La jeu­nesse du héros. Pas la meilleure par­tie du film… — cap­ture du film

La seconde moi­tié est un peu plus molle. Elle se concentre sur la situa­tion de plus en plus inte­nable du seul idéa­liste de la boîte, jus­qu’à sa démis­sion ; s’y inter­calent l’en­quête sur l’ac­ci­dent de LV-WRZ et, sur­tout, les retrou­vailles avec son amour d’é­cole pri­maire, embau­chée aux res­sources humaines des Lapa. Piñeyro-l’au­teur y voit un élé­ment essen­tiel sur l’op­po­si­tion entre rêves et réa­li­té, entre idéaux et quo­ti­dien, entre gamin inno­cent et homme bla­sé. Mais soyons hon­nête : ça tombe à plat. C’est un peu gui­mau­vi­neux, un peu facile, un peu niais disons-le.

Dans l’en­semble, c’est un film de pilote et, comme tel, il tend à exo­né­rer les équi­pages : s’ils com­mettent des erreurs, c’est de la faute de la com­pa­gnie qui les forme mal, qui n’en­tre­tient pas cor­rec­te­ment ses appa­reils et qui met la pres­sion pour voler. Bien sûr, les pilotes peuvent igno­rer une alarme indi­quant qu’un appa­reil n’est pas confi­gu­ré pour le décol­lage — c’est comme ça que deux per­sonnes aux com­pé­tences dou­teuses ont plan­té LV-WRZ. Mais s’ils l’i­gnorent, c’est uni­que­ment parce que la main­te­nance exé­cu­tée au lance-pierres est la source de mul­tiples fausses alarmes, tous les jours ou presque. C’est un voile pudique que Piñeyro jette ain­si sur les res­pon­sa­bi­li­tés de ses deux anciens col­lègues, qui ont mul­ti­plié les erreurs et fautes dans les minutes pré­cé­dant le crash, dis­cu­tant de leurs pro­blèmes per­son­nels en lisant les check-list en dia­go­nale, pré­pa­rant leur vol avec la concen­tra­tion d’un tou­riste pari­sien qui s’ha­bille pour mar­cher jus­qu’à la plage.

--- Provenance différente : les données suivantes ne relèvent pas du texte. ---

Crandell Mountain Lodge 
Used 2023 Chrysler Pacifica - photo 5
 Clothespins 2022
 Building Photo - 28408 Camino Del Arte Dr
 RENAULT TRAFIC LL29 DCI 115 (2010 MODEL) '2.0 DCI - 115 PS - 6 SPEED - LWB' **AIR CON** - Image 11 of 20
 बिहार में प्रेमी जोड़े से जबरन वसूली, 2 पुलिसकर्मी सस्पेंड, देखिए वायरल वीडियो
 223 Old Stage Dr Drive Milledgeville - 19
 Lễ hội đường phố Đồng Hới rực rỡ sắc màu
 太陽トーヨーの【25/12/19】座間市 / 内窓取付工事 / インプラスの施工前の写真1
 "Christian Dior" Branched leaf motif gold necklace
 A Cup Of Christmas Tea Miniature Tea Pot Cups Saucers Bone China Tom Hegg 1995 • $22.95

LV-WRZ a gueu­lé pen­dant plu­sieurs dizaines de secondes qu’il n’é­tait pas près à décol­ler. Ses pilotes l’ont igno­ré. — cap­ture du film

Mais s’il n’est pas tou­jours réus­si et pas abso­lu­ment hon­nête, Whisky Romeo Zulu pro­fite d’une struc­ture glo­bale bien maî­tri­sée, d’un auteur qui connaît par­fai­te­ment son sujet, d’ac­teurs qui savent exac­te­ment quoi dire et sur quel ton, d’une sobrié­té tech­nique qui n’ou­blie pas pour autant d’ex­pli­quer de quoi il parle. Le résul­tat n’est pas à prendre pour argent comp­tant, mais c’est une remar­quable pré­sen­ta­tion des fon­da­men­taux de la sécu­ri­té dans le trans­port aérien — la vraie, pas celle qui consiste à rajou­ter des fouilles devant un ministre, mais celle qui fait que les avions arrivent entiers avec un char­ge­ment indemne.